Nah. It's all because of the Kyoto protocol that U.S. consumers buy Priuses...

|6.2.05 @ 3:09PM|

What would the Kyoto Protocol have to do with it? Doesn't that involve companies and not individual consumers? The U.S. wasn't a signatory to that agreement, anyway.

Maybe I missed the point of that last statement. I'm getting more coffee.

|6.2.05 @ 3:10PM|

quasibill,

Toyota losed money on each Prius. Other than that, your "response to market forces" theory holds up perfectly.

|6.2.05 @ 3:15PM|

and the fact that there is a term "loss leader", and that it is used in non-regulated markets, should start some neurons firing that perhaps regulation isn't the driving force behind the Prius (and we won't get into the fact that they aren't the only hybrids anymore, because thems just inconvenient facts that tend to get in the way of fundamentalist market bashing!)

|6.2.05 @ 3:16PM|

SPD -

exactly.

Sarcasm doesn't translate well over the web.

|6.2.05 @ 3:19PM|

Are there SUV hybrids yet? I remember reading something about them coming out now, or soon... or, uh, something. (Damn you, bong hits!)

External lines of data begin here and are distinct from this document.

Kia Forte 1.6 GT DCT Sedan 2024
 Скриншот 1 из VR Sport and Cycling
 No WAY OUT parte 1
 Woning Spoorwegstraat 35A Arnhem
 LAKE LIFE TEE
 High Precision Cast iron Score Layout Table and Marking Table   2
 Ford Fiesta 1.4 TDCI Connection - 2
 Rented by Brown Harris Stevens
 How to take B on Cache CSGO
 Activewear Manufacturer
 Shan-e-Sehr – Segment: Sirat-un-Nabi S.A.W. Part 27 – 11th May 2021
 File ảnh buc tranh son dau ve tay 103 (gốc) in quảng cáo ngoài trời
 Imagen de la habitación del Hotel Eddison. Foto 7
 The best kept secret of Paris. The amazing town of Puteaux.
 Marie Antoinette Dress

I would think that would be a product that almost everyone could agree on.

M1EK|6.2.05 @ 3:33PM|

Another factor the smug Prius-pointers are forgetting is that:

1. Government regulation (via CAFE at first, and now via the ZEV, PZEV, etc rules) encourages all automakers to produce vehicles getting good mileage and emissions, far beyond that which the market would do by itself. The Prius actually tunes its engine more for low emissions than for high mileage, if you can believe it.

2. Government regulation (via the tax code) provides an explicit subsidy for hybrid vehicles, although nowhere near the scale of the monstrous subsidy for the largest SUVs.

Oops and oops.

M1EK|6.2.05 @ 3:35PM|

for jemezhobbit:

Speaking as a member of the human race, the preferred global climate is one that doesn't change too quickly from the precarious equilibrium we currently find ourselves in, since ANY sudden change will likely cause a drastic decline in food stocks FOR US HUMANS. As I mentioned before, you can't just move your wheat production north and call it a draw.

M1EK|6.2.05 @ 3:36PM|

quasibill:

Your summary of the current science of climate modelling is at best far out of date and misinformed, and at worst willful lies. I suggest you brush up on the materials.

|6.2.05 @ 3:52PM|

"Your summary of the current science of climate modelling is at best far out of date and misinformed, and at worst willful lies. I suggest you brush up on the materials."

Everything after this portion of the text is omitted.